Stapel and Dautzenberg

Stapel and Dautzenberg

STAPEL: Welkom.You can ask us any questions! In response, you will always be given an option: ‘Do you want to know the truth or do you want to be comforted with fictions and feel-good fantasy?’

“Well I’ve brought some data with me from a study in social psychology. My question is this: “Is there a statistically significant effect here?”

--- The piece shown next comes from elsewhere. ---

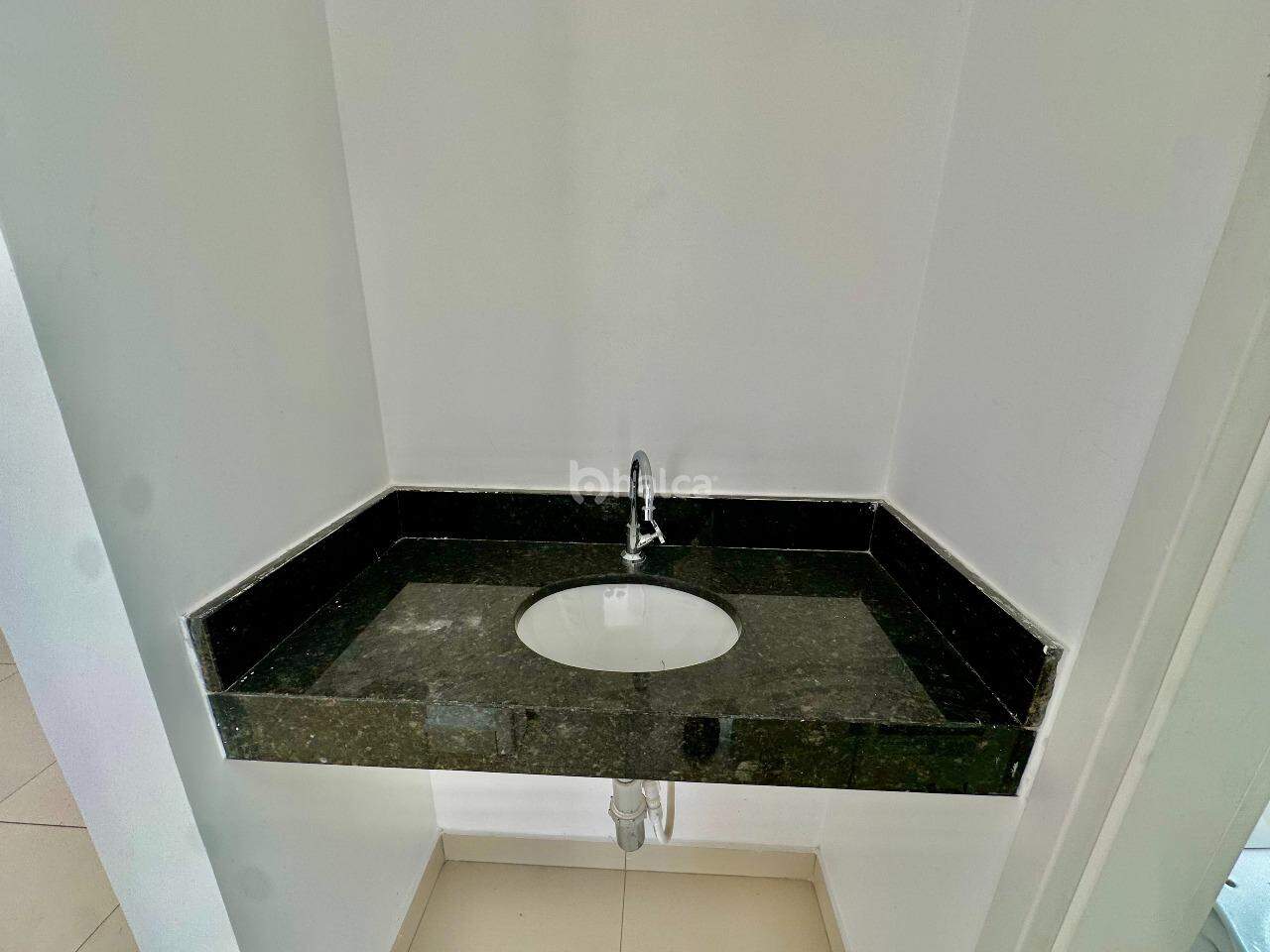 Casa para alugar com 3 quartos, 105m² - Foto 7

STAPEL:Do you want to know the truth or do you want to be comforted with fictions and feel-good fantasy?

“Fiction please”.

STAPEL: I can massage your data, manipulate your numbers, reveal the taboos normally kept under wraps. For a few more coins I will let you see the secrets behind unreplicable results, and for a large bill will manufacture for you a sexy statistical story to turn on the editors.

(Then after the dirty business is all done [ii].)

STAPEL: Do you have more questions for me?

“Will it be published (fiction please)?”

STAPEL: “yes”

“will anyone find out about this (fiction please)?”

STAPEL: “No, I mean yes, I mean no.”

 

“I’d like to change to hearing the truth now. I have three questions”.

STAPEL: No problem, we take credit cards. Dank u. What are your questions?’

“Will Uri Simonsohn be able to fraudbust my results using the kind of tests he used on others? and if so, how long will it take him? (truth, please)?

STAPEL: “Yes.But not for at least 6 months to one year.”

“Here’s my final question. Are these data really statistically significant and at what level?” (truth please)

Nothing. Blank screen suddenly! With an acrid smelling puff of smoke, ew. But I’d already given the credit card! (Tricked by the master trickster).

 

What if he either always lies or always tells the truth? Then what would you ask him if you want to know the truth about your data? (Liar’s paradox variant)

Feel free to share your queries/comments.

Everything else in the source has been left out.